Younger people may be reliably more idealistic and less nostalgic than their elders, but that doesn't always make them more liberal. In the 1980s, for example, Ronald Reagan and other Republicans ran as well or better among the young as the old. Reagan-era conservatives appealed to younger Americans by portraying themselves as innovative and forward-thinking, while arguing that the Democratic Party had become a corrupted relic of bygone days.
But over time, the dominant tone of conservative rhetoric has become darker, more pessimistic or alarmist about the future, and more critical of ongoing social trends of which young people largely approve. Conservatives responded to the rise of Barack Obama, a personally popular figure among younger Americans, with eight years of relentless opposition. And as conservatism's messages have evolved, so too has the receptiveness of newer generations to conservative politicians and ideas. Voters under the age of 40 were evenly split between the parties as recently as the 2000 election; by the 2010s, the Democratic Party was reliably prevailing among this age group by margins of 20 points or more.
From time to time, Republican officials have expressed concern about this development and have proposed steps to increase their party's standing among younger voters. But power within the extended Republican network has been flowing away from politicians and toward the conservative media over the same period that the GOP's youth problem has emerged. It's media talking heads, not elected officials, who are now the primary spokespeople for American conservatism. Freed from political candidates' need to court a popular majority, the increasingly loud voices of Fox News and talk radio are free to appeal to their smaller core audience of right-leaning senior citizens by ignoring or even explicitly ridiculing the concerns and activities of younger Americans.
Contemporary conservative rhetoric is often characterized by exhibitions of bewildered discontentment directed at younger people and the cultural environment that envelops them. Mockery of millennials and college students as "snowflakes," "campus crazies," and "social justice warriors" has become commonplace in conservative media outlets over the last few years, intensifying when an issue arises that especially activates the generational divide. Last Thursday, for example, a 54-year-old conservative prime time host engaged in a public fight with a 33-year-old who is also perhaps the most popular professional athlete of his generation, insisting that his proper role in society is to "dribble" rather than express his views about race relations in the United States.
As high school students who survived the Parkland, Florida school shooting have mounted a public anti-gun campaign over the past week, several conservative media personalities have responded by suggesting that the young age of the activists renders their opinions on the subject illegitimate. (Meanwhile, the more conspiratorial corners of the conservative media ecosystem have reacted in their own unique fashion, dismissing the students as actors on the payroll of shadowy leftists.) President Trump, himself a conservative media figure before he ran for elective office, argued today that violent movies and video games help to encourage school shootings—placing responsibility for social violence on young people's own consumer choices.

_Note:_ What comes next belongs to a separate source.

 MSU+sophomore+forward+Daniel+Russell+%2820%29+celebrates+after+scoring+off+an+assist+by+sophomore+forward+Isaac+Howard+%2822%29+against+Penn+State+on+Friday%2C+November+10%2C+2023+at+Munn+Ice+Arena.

All in all, the messages transmitted by conservative elites these days are doing little to redirect younger citizens' collective left-of-center political alignment. Even young adults who are skeptical of gun control or other liberal causes are unlikely to respond positively to the argument that they should automatically defer to the judgment of their elders on political matters, or that social ills can be cured by regulating their favorite pastimes.
It's possible that the current state of political conflict will lead today's younger citizens to form a lifelong preference for the Democratic Party, thus burdening Republicans with a long-term electoral disadvantage. Whether or not that happens, however, the more immediate consequences of stoking generational warfare are not necessarily unfavorable to conservatives. Seniors and near-seniors have become more pro-Republican over the past decade, and they participate in politics at much higher rates than their children and grandchildren.

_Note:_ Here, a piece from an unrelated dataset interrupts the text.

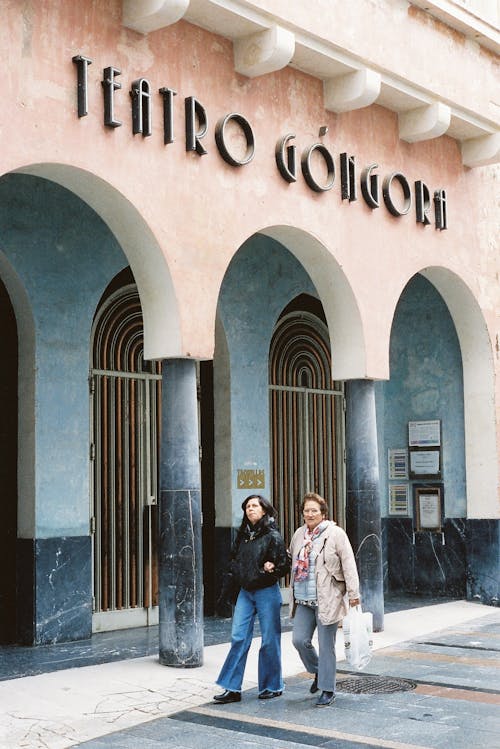 Free Two women standing outside of a building with the word edoqui Stock Photo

So far, evidence of an incipient millennial-led liberal revolution is much more apparent in the youth-dominated pop culture world than in a political system led by conservative Republicans at every level of government. If conservative media rhetoric is partially at fault for alienating young people from the Republican Party, it may be equally responsible for attracting more older Americans to the ranks of the GOP during the same period. Fox News Channel recently retired its famous slogan "Fair and Balanced"; perhaps its next catchy motto will be "Don't Trust Anyone Under 30."